Choria Network Protocols – Transport

The old MCollective protocols are now ancient and was quite Ruby slanted – full of Symbols and used YAML and quite language specific – in Choria I’d like to support other Programming Languages, REST gateways and so forth, so a rethink was needed.

I’ll look at the basic transport protocol used by the Choria NATS connector, usually it’s quite unusual to speak of Network Protocols when dealing with messages on a broker but really for MCollective it is exactly that – a Network Protocol.

The messages need enough information for strong AAA, they need to have an agreed on security structure and within them live things like RPC requests. So a formal specification is needed which is exactly what a Protocol is.

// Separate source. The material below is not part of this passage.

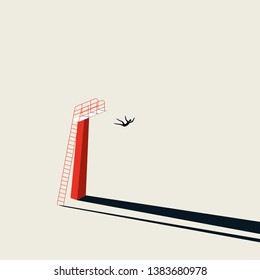 Business crisis and financial recession vector concept with businessman falling to ground. Minimalist art style. Symbol of failure, decline, bankruptcy and loss. Eps10 illustration.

While creating Choria the entire protocol stack has been redesigned on every level except the core MCollective messages – Choria maintains a small compatibility layer to make things work. To really achieve my goal I’d need to downgrade MCollective to pure JSON data at which point multi language interop should be possible and easy.

Networks are Onions

Network protocols tend to come in layers, one protocol within another within another. The nearer you go to the transport the more generic it gets. This is true for HTTP within TCP within IP within Ethernet and likewise it’s true for MCollective.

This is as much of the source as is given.